Das „Verschwinden von Ordnungsmächten“ und der „Zerfall“ der liberalen Weltordnung haben laut dem Leiter der Sicherheitskonferenz, Wolfgang Ischinger, die Welt in eine Phase „maximaler Verunsicherung“ gestürzt. Das Chaos führt Regie im Weltentheater, die Fundamente der nach dem Zweiten Weltkrieg etablierten Weltordnung beginnen zu bröckeln. Tweets aus dem Weißen Haus versetzen die Welt fast täglich in Aufregung, in Syrien tobt ein brutaler Stellvertreterkrieg all der Regional- und Supermächte, und die Ukraine-Krise hat die Mauern und das Misstrauen zwischen Europa und Russland wieder in den Himmel wachsen lassen.
Kurz sieht auch innerhalb der EU die Fliehkräfte derzeit stärker als das Verbindende, wobei vor allem die Flüchtlingskrise Europa auseinanderdividiert hätte. Der Kanzler pocht daher darauf, sich auf die Grundidee der EU zu besinnen, nämlich „in Vielfalt geeint“. Derzeit sieht er Europa eher in „Gleichheit getrennt“. Kurz drängt auf ein subsidiäres Europa, das in großen Fragen Einigkeit demonstriert, andere Fragen aber lieber den einzelnen Nationalstaaten überlässt. Zu den großen gemeinschaftlichen Aufgaben Europas zähle etwa die Stärkung im globalen Wettbewerb, auch was die Digitalisierung betrifft. „Die Schnellen fressen die Langsamen“, heiße hier das Motto.
„Auch in Sicherheitsfragen wird die Unsicherheit immer größer“, erklärt Kurz, der auf die Verwerfungen in der Arabischen Welt, die Ukraine-Krise, Gefahren durch den Terrorismus und die Folgen der Flüchtlingskrise und der Migrationsströme verweist. In Sachen Sicherheit und Verteidigung müsse Europa an einem Strang ziehen, da ziehe sich auch Österreich als neutrales Land nicht aus der Verantwortung. Der Schutz der Außengrenze könne nur geeint gelingen, wobei die betroffenen Länder nicht im Stich gelassen werden dürften.
In Sachen Türkei bleibt der Bundeskanzler bei seiner harten Linie: „Wir brauchen ordentliche nachbarschaftliche Beziehungen zur Türkei, in der Union können wir uns die Türkei aber nicht vorstellen, auch – aber nicht nur – in Anbetracht der Menschenrechtslage im Land.“
In den Beziehungen zu Russland sieht Kurz Österreich in der Rolle des Brückenbauers. Ohne Fortschritte im Friedensprozess werden die Sanktionen der EU gegen Russland zwar bleiben, Österreich werde seine traditionell guten Beziehungen zu Russland und auch zur Ukraine aber natürlich für einen Abbau der Spannungen nützen.

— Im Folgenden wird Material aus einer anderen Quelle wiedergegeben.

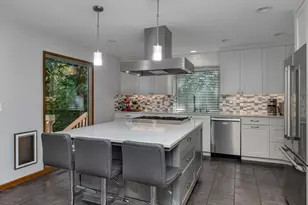 2592 Hillcrest Ct, West Linn, OR 97068 - Photo 21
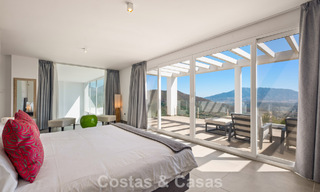 Villa de luxe contemporaine à l’architecture moderne épurée avec vues imprenables à vendre à Marbella Est 801171 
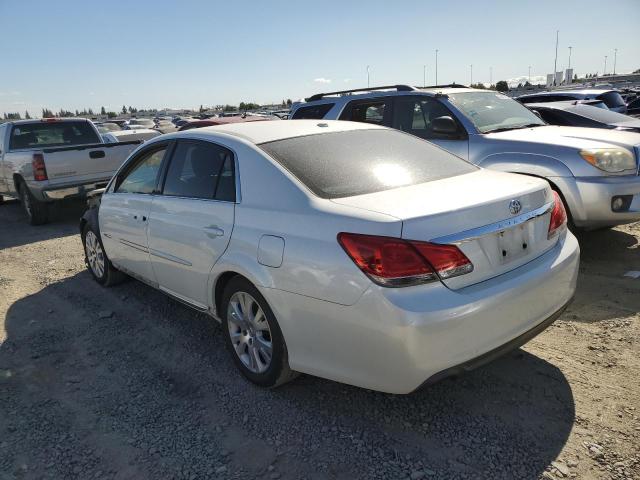 4T1BK3DB1CU450667 - 2012 TOYOTA AVALON BASE WHITE photo 2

Noch gestern traf Kurz im Rahmen der Sicherheitskonferenz mit NATO-Generalsekretär Jens Stoltenberg zusammen, um das Verhältnis der EU zur NATO, das Verhältnis der NATO zu Russland und die Ukraine-Krise zu besprechen. Heute stehen unter anderem Treffen mit IWF-Chefin Christine Lagarde, EU-Brexit-Chefverhandler Michael Barnier und dem Bürgermeister von Kiew, Vitali Klitschko, auf dem Programm.